I buoni pasto potrebbero presto cambiare volto per milioni di dipendenti. La riforma annunciata dal governo apre la strada a un utilizzo la domenica, in un contesto più flessibile e ampio, con un calendario ancora da precisare. È comunque l’annuncio di Serge Papin, ministro delle PMI, del Commercio, dell’Artigianato e del Potere d’acquisto, che menziona una riforma del buono pasto, che i dipendenti potranno continuare a utilizzare anche per fare la spesa al supermercato.
L’essenziale da ricordare
- Tutti i dipendenti potrebbero utilizzare i loro buoni pasto la domenica, anche per fare la spesa alimentare.
- La riforma deve ancora essere discussa, con una messa in discussione entro la fine del 2026 annunciata dal governo.
- La stabilizzazione dell’uso dei buoni pasto per acquistare prodotti alimentari al supermercato è anche tra le misure annunciate.
Domenica, il buono pasto sarà utilizzabile da tutti
L’annuncio ha segnato un’evoluzione netta nell’uso dei buoni pasto. Finora, il loro utilizzo la domenica era regolamentato, ma la riforma presentata dal governo intende ora permettere a tutti i dipendenti di usarli quel giorno, anche per acquisti alimentari quotidiani.
Questa direzione risponde a una pratica di consumo che va oltre il solo pasto consumato durante l’orario di lavoro. Essa amplia la portata del dispositivo, tradizionalmente associato al pranzo, verso usi più vicini ai bisogni familiari e domestici.
Una riforma in corso di discussione
Il governo non ha ancora definito la forma esatta del testo. Tuttavia, il ministro incaricato del Commercio ha indicato che la riforma deve essere discussa entro la fine del 2026, senza un calendario legislativo definitivamente fissato a questo stadio.
Tra gli altri assi avanzati, la stabilizzazione dell’acquisto di prodotti alimentari nella grande distribuzione occupa un posto di rilievo. Questa misura prolunga un’evoluzione già avviata e traduce la volontà di adattare il buono pasto alle abitudini di consumo attuali.
Anche la spesa alimentare sarà interessata
La possibilità di utilizzare i buoni pasto per la spesa si inserisce in una logica di maggiore flessibilità. Il dispositivo non sarebbe più limitato alla ristorazione o al pasto consumato durante la giornata lavorativa, ma potrebbe anche servire a pagare alcuni acquisti alimentari, anche la domenica.

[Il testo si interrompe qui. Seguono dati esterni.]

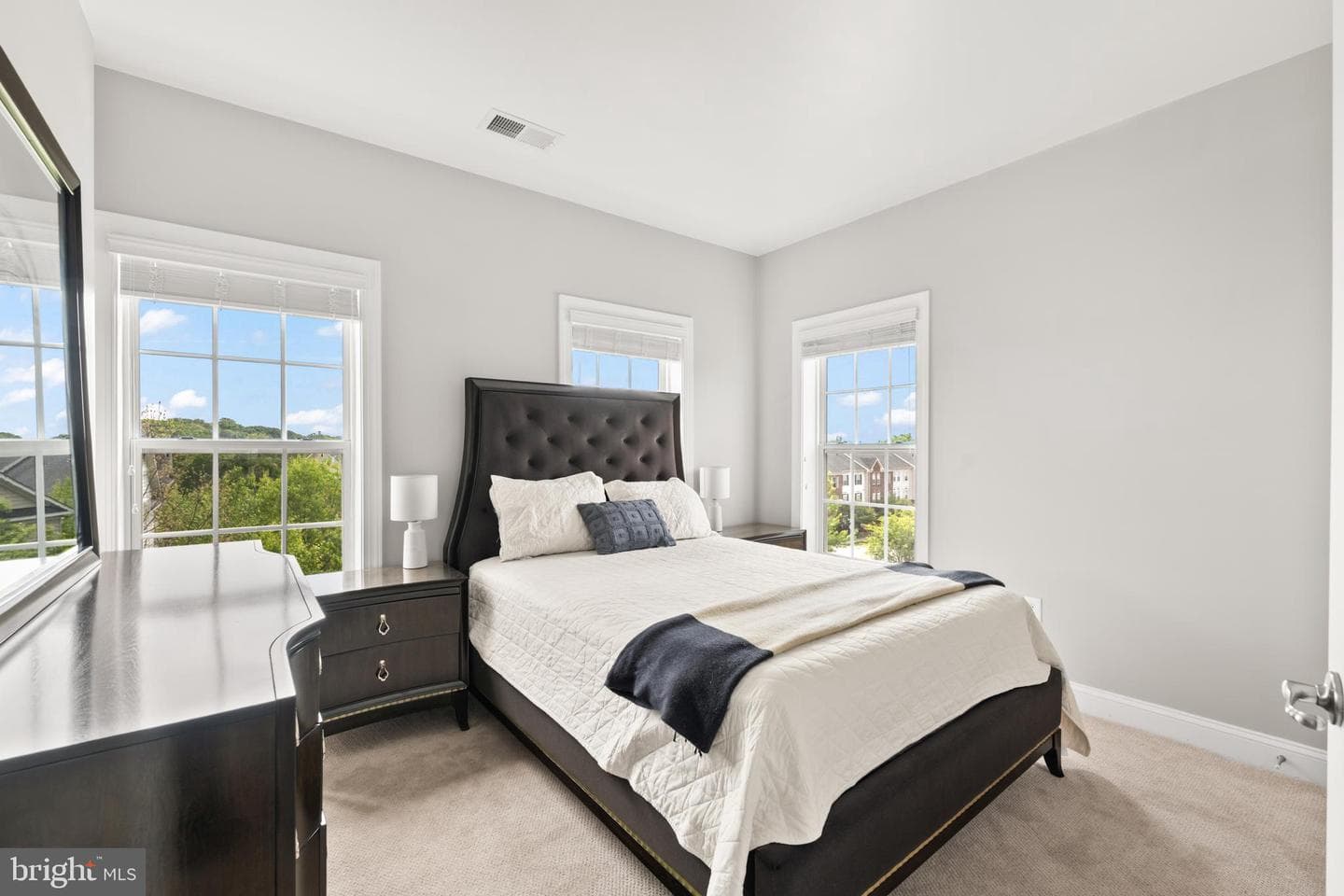 2111 Abbottsbury Way photo 29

Per i dipendenti, questa evoluzione cambierebbe il modo di consumare il buono pasto, con un uso meno strettamente legato all’ufficio o all’azienda. Per i negozi alimentari, potrebbe anche rafforzare l’attrattiva di questo mezzo di pagamento.
Calendario della sua attuazione
A questo stadio, la riforma rimane un annuncio politico e non una regola già applicata. Le modalità precise devono ancora essere definite, in particolare la forma del testo, il suo perimetro esatto e la sua entrata in vigore.
Tuttavia, il governo ha dato una direzione chiara: modernizzare il dispositivo, ampliare il suo uso e garantire il suo futuro nei prossimi mesi. I prossimi passi dipenderanno dal dibattito parlamentare e dagli arbitrati regolamentari.
FAQ sul buono pasto utilizzabile la domenica nel 2026
Secondo l’annuncio del governo, sì, questa possibilità sarebbe aperta a tutti i dipendenti.
L’annuncio è stato fatto, ma la riforma deve ancora essere discussa e precisata prima della sua attuazione.
Sì, la riforma menziona anche la possibilità di pagare alcuni acquisti alimentari al supermercato.
No, si tratta a questo stadio di un orientamento governativo che deve ancora passare attraverso le fasi di discussione e adozione.
Per ora, non c’è nessun annuncio di modifica del limite nell’annuncio fatto dal ministro.